No mention of Teletext / Ceefax is complete without derailment of the topic at hand by plugging the music of the incomparable Ceephax Acid Crew


Also..: I'm really surprised to learn old VHS tapes can contain embedded teletext signals! Very cool article.

Thats what blew me away! I was reading something on the Closed Caption that were encoded into the broadcast / videos for subtites and realised it was those scanlines you see. Then from a rabbit hole of a day found these guys restoring the data from recorded TV streams! Incredible!


> Also..: I'm really surprised to learn old VHS tapes can contain embedded teletext signals! Very cool article.

Holy cow that’s awesome, and really goes to show why archivists must be so diligent in their preservation efforts.

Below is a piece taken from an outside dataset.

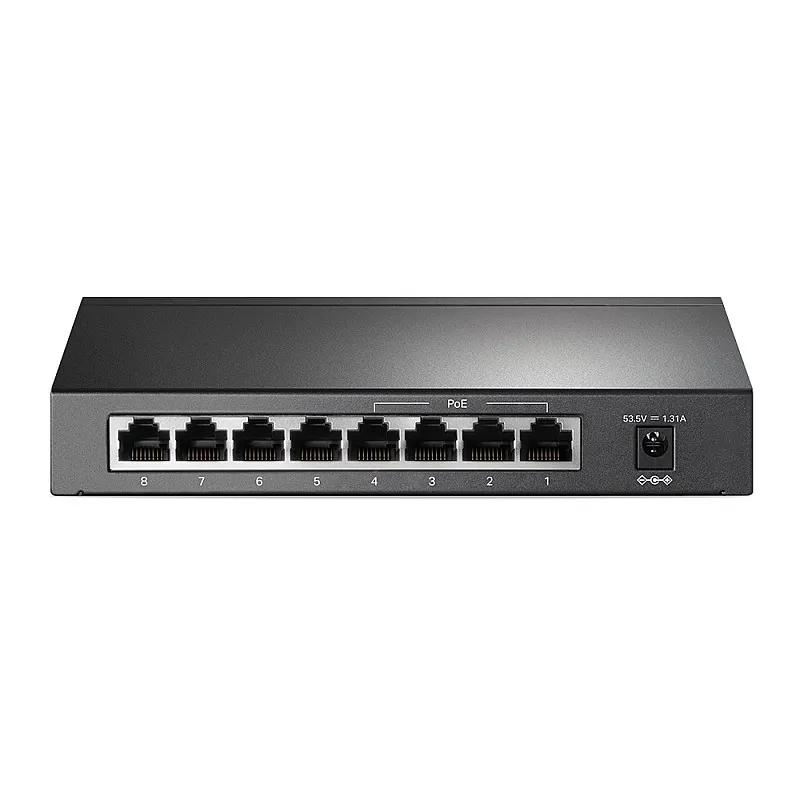 TP-Link 8-Port Gigabit PoE+ 非管理型交換器, TL-SG1008P︱原廠保養
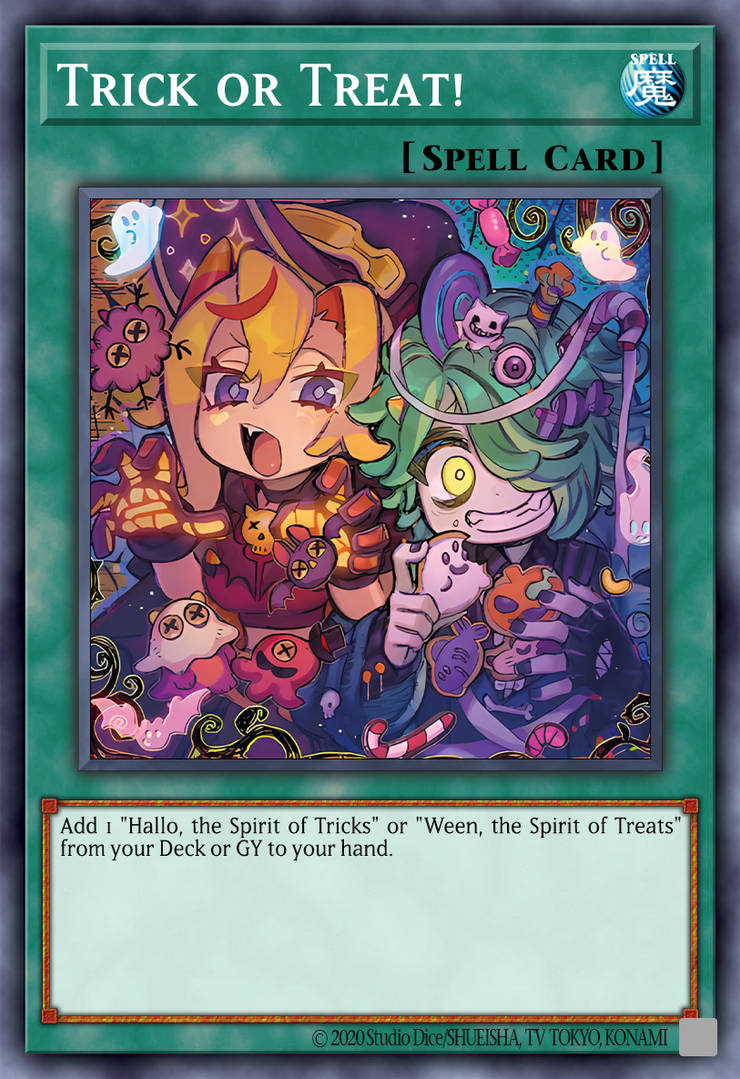 yugioh trick or treat deck Complete Custom for Yu-Gi-Oh! Jaws of the Conclave 1x Foil Wilhelt Trick or Treat! by TheHungDX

Now that's what I call retrocomputing! Too bad the date on the teletext pages doesn't include the year... when was the premiere of season (pardon me, series) 3 of Babylon 5 again? Ah, 1996 (thanks Wikipedia!).

To think teletext is still around today, a fossilized technology using a standard that has been almost unchanged for 40 years! Although nowadays I mostly read it using a smartphone app - the bite-size pages are perfect for a quick and (almost) ad-free news update.

As someone who was a toddler when those "screenshots" were live, teletext is one of my favorite sources of information. Mostly because very few people read it, therefore the news are straight to the point with comparatively low political bullshit.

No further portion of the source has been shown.